__TASK TO COMPLETE__:
Repeat the data as given. Images do not go in the copy.
PROVIDED INFORMATION Start Marker
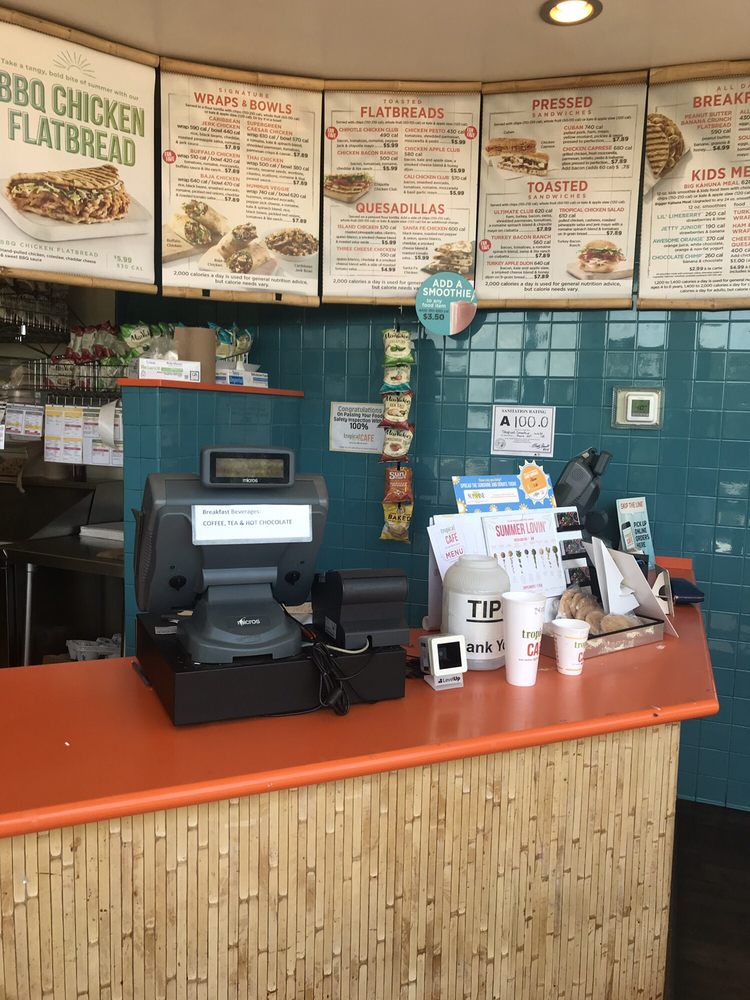 Tropical Smoothie Cafe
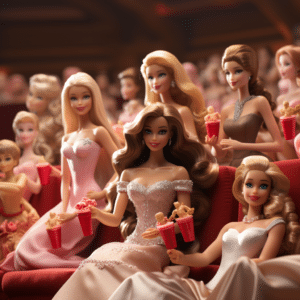 barbie movie times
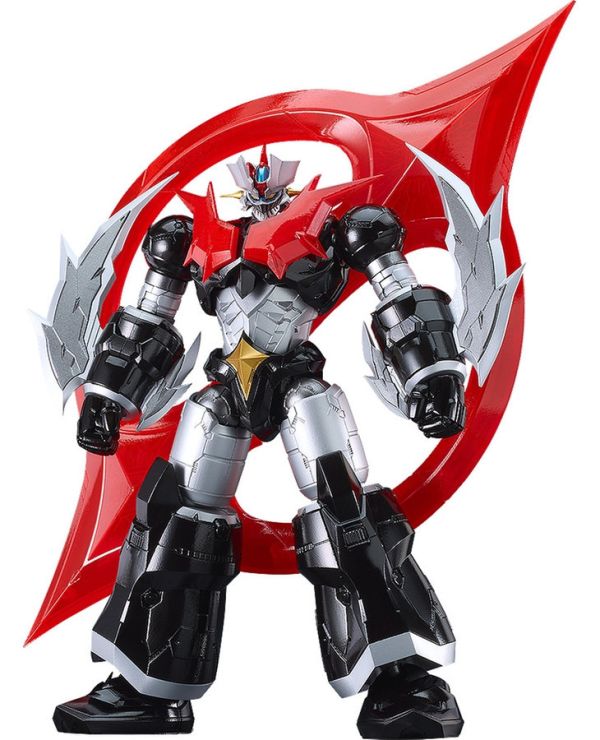 Good Smile MODEROID 真無敵鐵金剛ZERO 組裝模型 Good Smile MODEROID 真無敵鐵金剛ZERO 組裝模型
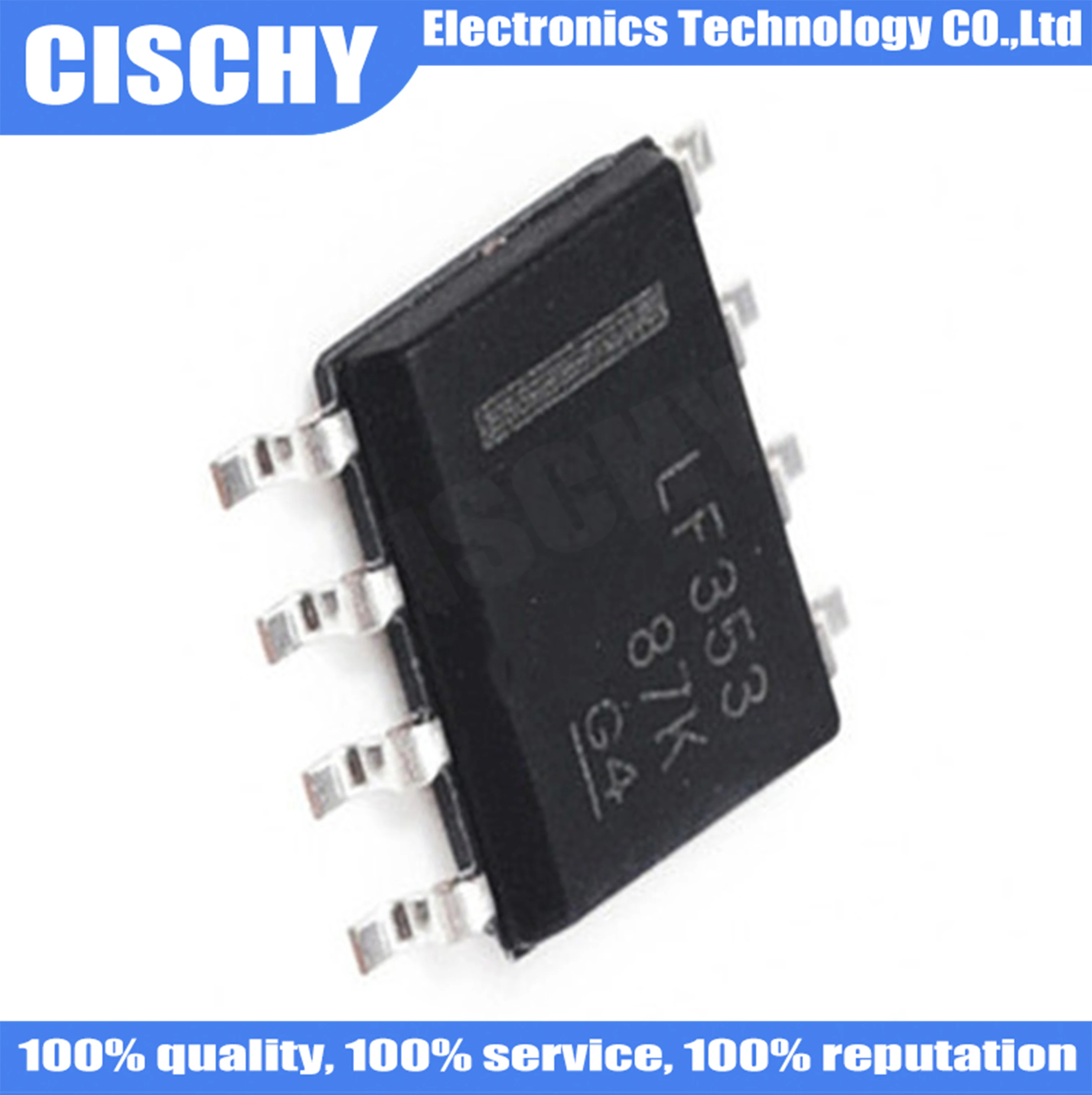 10pcs/lot LF353DR LF353 SOP8 In Stock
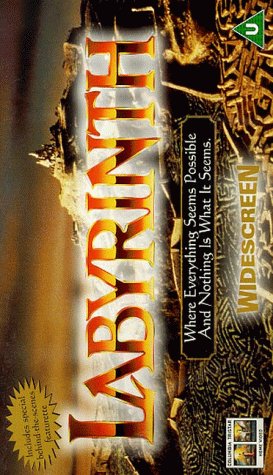 CD-Charts  VHS : Labyrinth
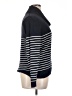 Chaps 100% Cotton Stripes Black Turtleneck Sweater Size XL - photo 4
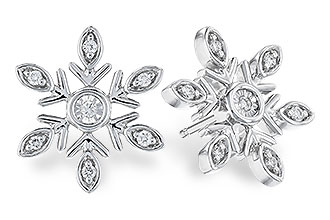 M310-03325: EARRINGS .07 TW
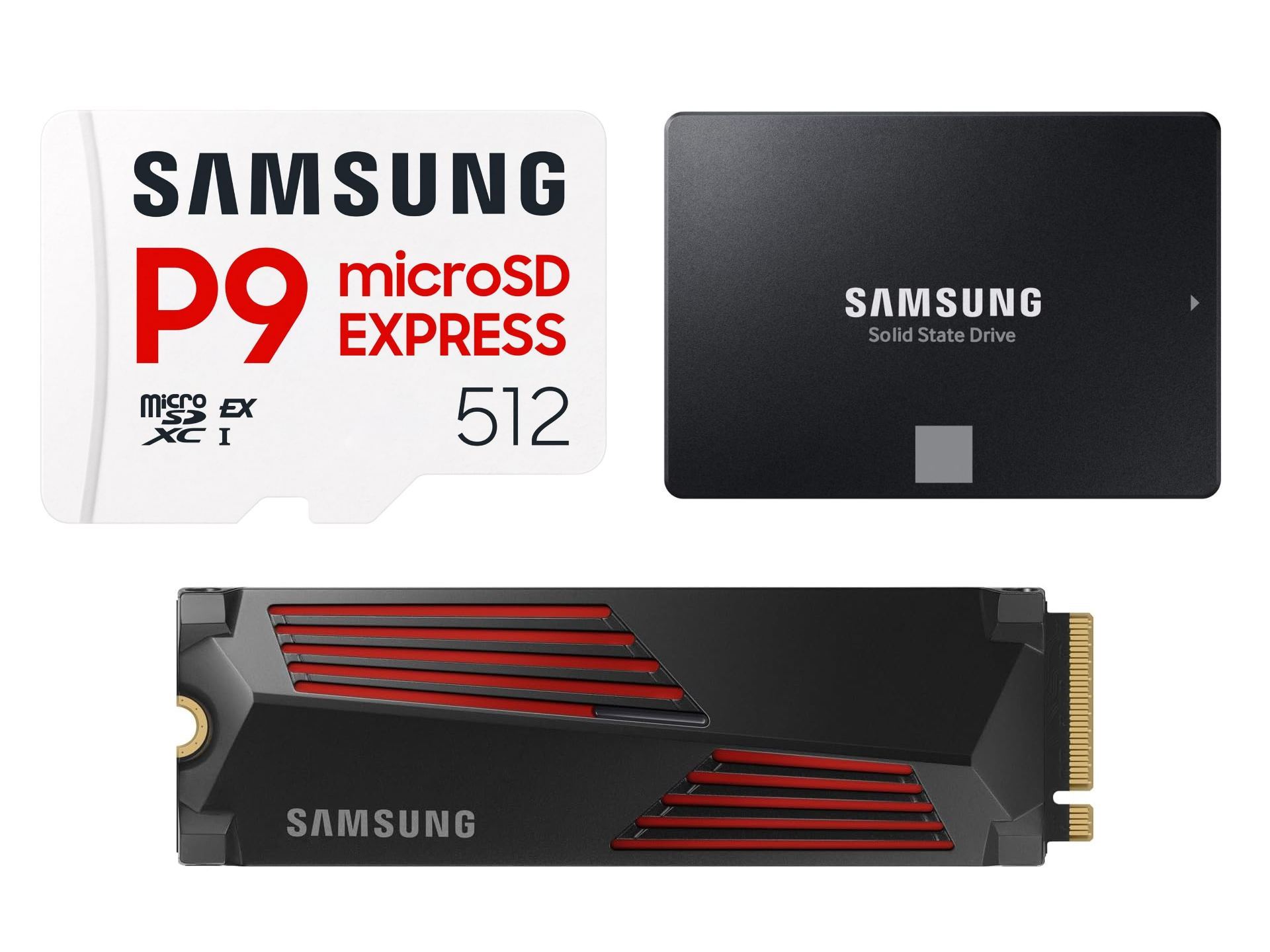 Samsung's Switch 2-compatible microSD and high-speed SSDs for PS5 on sale for Amazon Prime Day.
PROVIDED INFORMATION End Marker
__ANSWER SECTION__:
 Tropical Smoothie Cafe
 barbie movie times
 Good Smile MODEROID 真無敵鐵金剛ZERO 組裝模型 Good Smile MODEROID 真無敵鐵金剛ZERO 組裝模型
 10pcs/lot LF353DR LF353 SOP8 In Stock
 CD-Charts  VHS : Labyrinth
 Chaps 100% Cotton Stripes Black Turtleneck Sweater Size XL - photo 4
 M310-03325: EARRINGS .07 TW
 Samsung's Switch 2-compatible microSD and high-speed SSDs for PS5 on sale for Amazon Prime Day.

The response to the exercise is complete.